I was devastated and broken-hearted. Not just for losing her presence, which was so powerful for me when working as a choreographer, but also there is no one like her. Somehow, Martha had now advanced beyond just being older. She was becoming a mysterious, ephemeral, human, part mountain-part valley all at the same time.
So, we decided to conjure her. Paloma McGregor, an amazing presence in her own right, became the Ancestral Witch, and through her words and dancing, brought Martha to us via video and magic. The three of us had a remarkable rehearsal week at the Kennedy Center’s Reach, a beautiful building with multiple spaces to work in and a series of outdoor paths that allowed walkers to view the Potomac River in majesty and solitude. We filmed all conceivable movement we could imagine needed so that Paloma could bring Martha to her, to teach the ways. In Wicked Bodies, Martha became a presence that guided the rest of the witches in understanding their many tasks. “Remember, every body needs protecting. Every country has a Texas. Every witch has a story,” Martha tells the witches assembled on the stage, ready to fly off.
If, as I am beginning to believe, that creativity lies in our ability to move between shape and momentum, then Martha is a master. But so is the way she lives in relation. Or maybe it is both at once. It makes me think that perhaps relation IS the capacity to move between shape and momentum, side by side with its twin, creativity. Together they help us, and require us, to move between what we know what we can’t know, without diving into the motion of the world, whether that of witches flying, or laws changing, or climate heating up. Maybe the way she and I have lived in relation over six decades is a testament to this, but also a training ground.

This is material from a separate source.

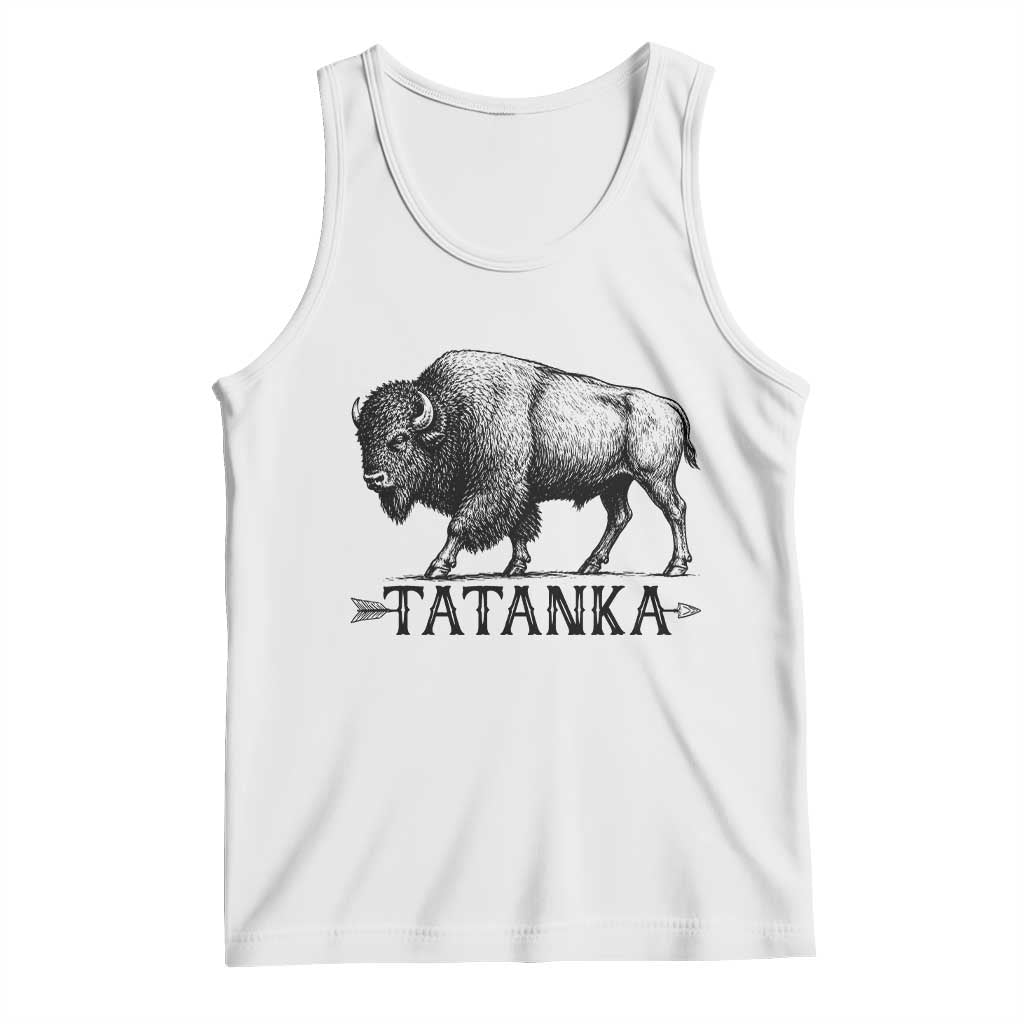 Tatanka Lakota Buffalo Bison Native American West Wildlife Tank Top TS14 White Print Your Wear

We were teacher and student, explorer and observer, choreographer and performer, researcher and researcher, friend and colleague, mentor and mentor, and mentee and mentee. We were in airports, hotels, hundreds of rehearsal rooms, many stages, and drank thousands of cups of tea. We bowed together and applauded each other. She let me video tape her. She let me video tape her naked so that her older body could be seen from the back of the theater as it was projected in space. When I visit her now, she insists I sleep in her bed while she takes the guest room. She has some silly excuse why this is how it should be. I accept.

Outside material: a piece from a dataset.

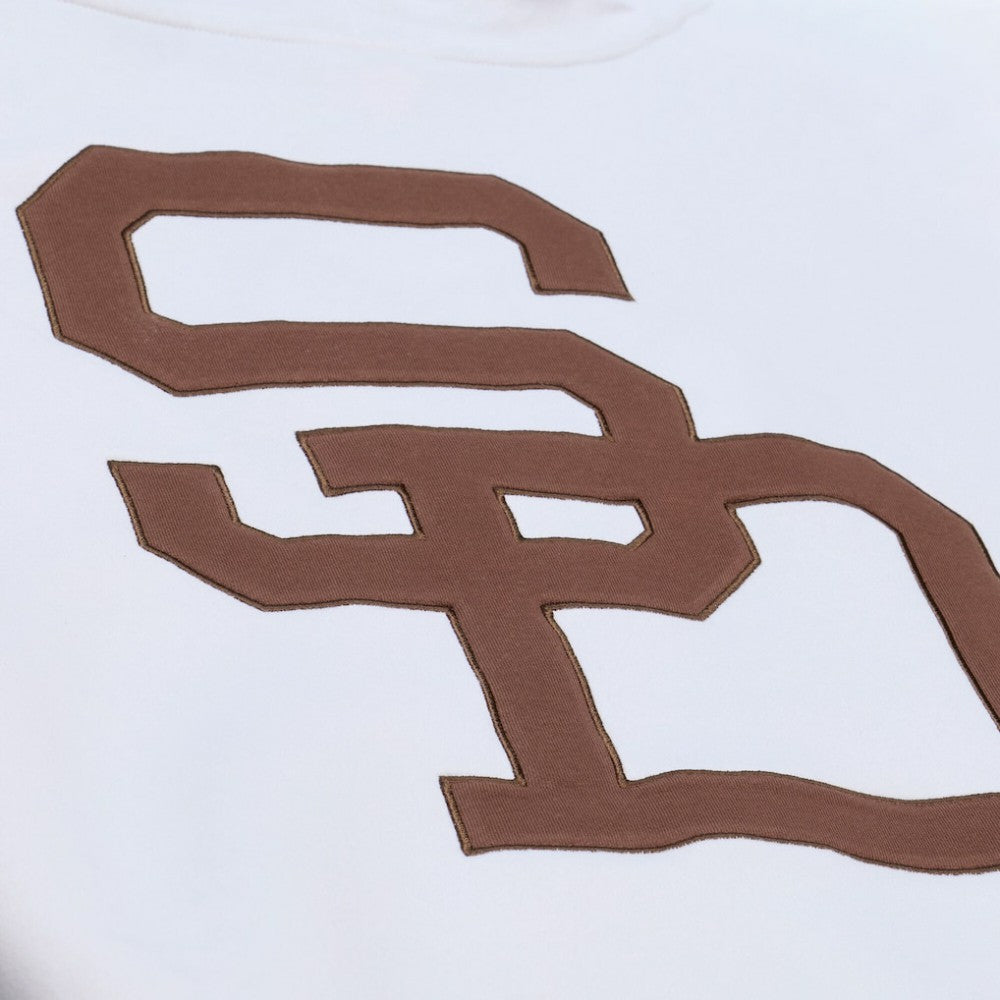 San Diego Padres Mitchell & Ness Cooperstown Collection Fleece Hoodie - White Hoodies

There is shape to it. We recognize it in our connections, in picking up the threads of contact and conversation. But it is very much in momentum. I never know how she will move next. I cannot account for the way she sits forward in her chair or reads to me from some of her memoirs. I can count on her till the end, which we both can see from this vantage point in our lives. But there is no stopping the thrust of the motion swirling like two tornadoes, although quiet ones.

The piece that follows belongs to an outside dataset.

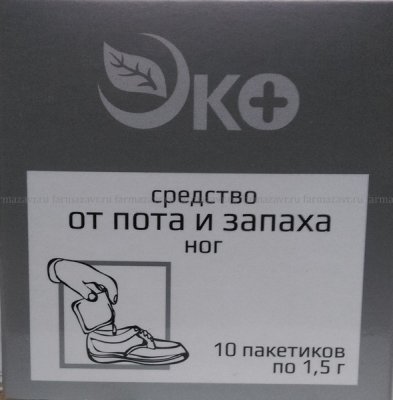 Купить эко средство для ног от пота и запаха, пакеты 1,5г 10 шт в Нижнем Новгороде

Martha once told me that she could recognize my back anywhere. I looked at her, questioning what she meant. “In the airport terminals you are always way out front in a hurry, with nowhere special to go except the gate.” I love her for this observation. And like when we first met, one of us leading, one following. All that is needed is for the world to tip upside down to see the picture of us in reverse. And the world is always tipping.